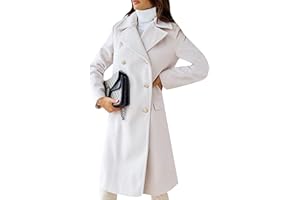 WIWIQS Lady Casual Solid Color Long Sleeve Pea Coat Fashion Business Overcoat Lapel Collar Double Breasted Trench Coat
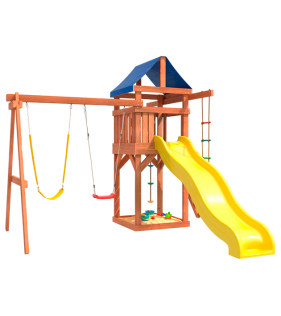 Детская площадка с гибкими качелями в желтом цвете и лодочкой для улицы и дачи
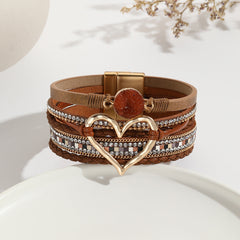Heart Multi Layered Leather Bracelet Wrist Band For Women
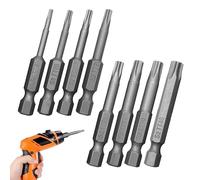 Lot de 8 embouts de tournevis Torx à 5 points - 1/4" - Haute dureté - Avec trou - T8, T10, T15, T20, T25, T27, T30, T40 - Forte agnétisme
* * *
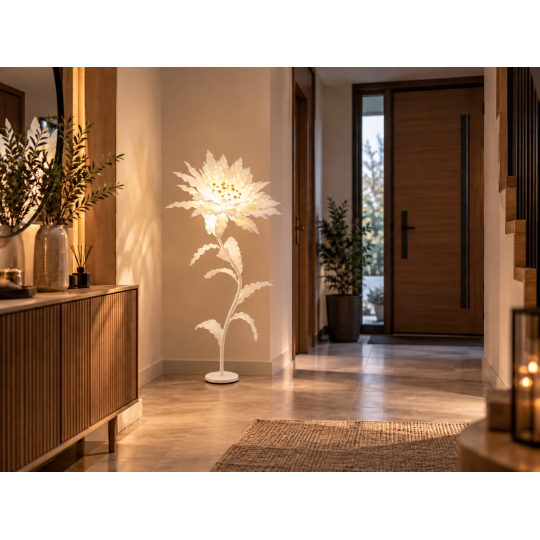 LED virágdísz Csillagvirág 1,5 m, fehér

WHAT TO PRODUCE>
Print, exactly, each line above from the one with "Детская площадка с" to the one with "Lot de 8 embouts", end lines included. Leave pictures out of it.

RESULT>
 Детская площадка с гибкими качелями в желтом цвете и лодочкой для улицы и дачи
Heart Multi Layered Leather Bracelet Wrist Band For Women
 Lot de 8 embouts de tournevis Torx à 5 points - 1/4" - Haute dureté - Avec trou - T8, T10, T15, T20, T25, T27, T30, T40 - Forte agnétisme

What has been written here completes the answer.